Problem - Among the records, how many lines carry the string "flooring"? Give that number with nothing added.

[Short text fragments from websites]
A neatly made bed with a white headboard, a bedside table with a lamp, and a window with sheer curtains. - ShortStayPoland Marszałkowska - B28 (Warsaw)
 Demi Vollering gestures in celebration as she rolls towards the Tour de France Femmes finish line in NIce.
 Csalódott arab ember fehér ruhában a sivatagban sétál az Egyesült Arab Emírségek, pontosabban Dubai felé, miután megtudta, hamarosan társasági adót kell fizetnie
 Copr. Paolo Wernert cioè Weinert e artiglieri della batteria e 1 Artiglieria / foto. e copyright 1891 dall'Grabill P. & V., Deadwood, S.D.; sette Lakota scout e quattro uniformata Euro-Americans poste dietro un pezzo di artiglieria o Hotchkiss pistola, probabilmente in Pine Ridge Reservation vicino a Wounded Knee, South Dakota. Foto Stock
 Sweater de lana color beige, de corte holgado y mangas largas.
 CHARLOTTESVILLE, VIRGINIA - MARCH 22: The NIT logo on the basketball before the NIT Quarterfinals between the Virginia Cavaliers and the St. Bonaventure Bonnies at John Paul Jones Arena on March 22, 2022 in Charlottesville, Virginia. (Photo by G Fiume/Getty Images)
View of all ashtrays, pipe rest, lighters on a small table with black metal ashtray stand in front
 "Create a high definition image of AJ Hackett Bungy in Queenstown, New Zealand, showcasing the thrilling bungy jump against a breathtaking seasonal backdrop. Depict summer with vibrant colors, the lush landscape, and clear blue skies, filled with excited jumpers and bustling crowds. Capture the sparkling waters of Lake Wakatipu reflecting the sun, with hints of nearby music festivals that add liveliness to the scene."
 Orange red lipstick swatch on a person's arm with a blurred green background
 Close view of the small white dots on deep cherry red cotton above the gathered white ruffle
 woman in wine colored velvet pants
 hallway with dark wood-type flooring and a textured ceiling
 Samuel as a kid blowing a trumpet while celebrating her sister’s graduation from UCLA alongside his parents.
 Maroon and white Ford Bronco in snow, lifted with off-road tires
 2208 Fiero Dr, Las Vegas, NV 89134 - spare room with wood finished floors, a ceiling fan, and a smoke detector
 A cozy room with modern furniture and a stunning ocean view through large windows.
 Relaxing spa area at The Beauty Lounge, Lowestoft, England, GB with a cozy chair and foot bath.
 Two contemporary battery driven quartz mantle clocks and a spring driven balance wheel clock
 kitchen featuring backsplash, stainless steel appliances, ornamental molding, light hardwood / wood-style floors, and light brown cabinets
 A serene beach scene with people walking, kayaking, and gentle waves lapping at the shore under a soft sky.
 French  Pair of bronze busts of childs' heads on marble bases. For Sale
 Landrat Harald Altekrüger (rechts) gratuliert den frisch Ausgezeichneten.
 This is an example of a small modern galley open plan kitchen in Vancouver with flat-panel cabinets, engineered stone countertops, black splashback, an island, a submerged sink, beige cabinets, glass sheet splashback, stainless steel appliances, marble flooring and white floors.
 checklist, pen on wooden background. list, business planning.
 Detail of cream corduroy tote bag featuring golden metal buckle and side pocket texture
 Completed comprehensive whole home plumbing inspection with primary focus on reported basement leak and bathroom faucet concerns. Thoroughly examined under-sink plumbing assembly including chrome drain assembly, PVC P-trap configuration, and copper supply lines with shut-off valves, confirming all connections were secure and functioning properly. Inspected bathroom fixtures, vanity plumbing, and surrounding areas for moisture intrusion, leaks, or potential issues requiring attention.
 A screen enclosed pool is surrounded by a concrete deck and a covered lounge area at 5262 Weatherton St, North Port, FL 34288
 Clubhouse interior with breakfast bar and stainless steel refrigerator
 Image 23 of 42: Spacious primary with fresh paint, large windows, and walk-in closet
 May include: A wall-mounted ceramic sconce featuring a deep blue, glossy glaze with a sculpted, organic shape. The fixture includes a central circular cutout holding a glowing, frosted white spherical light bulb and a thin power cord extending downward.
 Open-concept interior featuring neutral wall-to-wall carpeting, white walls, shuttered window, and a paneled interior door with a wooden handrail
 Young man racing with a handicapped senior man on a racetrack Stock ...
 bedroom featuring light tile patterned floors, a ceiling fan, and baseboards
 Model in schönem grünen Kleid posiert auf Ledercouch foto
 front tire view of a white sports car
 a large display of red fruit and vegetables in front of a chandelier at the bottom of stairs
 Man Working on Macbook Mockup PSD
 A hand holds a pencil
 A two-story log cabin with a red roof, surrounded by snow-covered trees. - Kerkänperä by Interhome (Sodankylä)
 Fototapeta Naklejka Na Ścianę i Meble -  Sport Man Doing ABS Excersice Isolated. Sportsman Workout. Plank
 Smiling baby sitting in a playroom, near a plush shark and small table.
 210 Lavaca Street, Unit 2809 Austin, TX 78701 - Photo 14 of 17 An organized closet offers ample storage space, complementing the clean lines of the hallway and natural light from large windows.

Answer to this problem - 2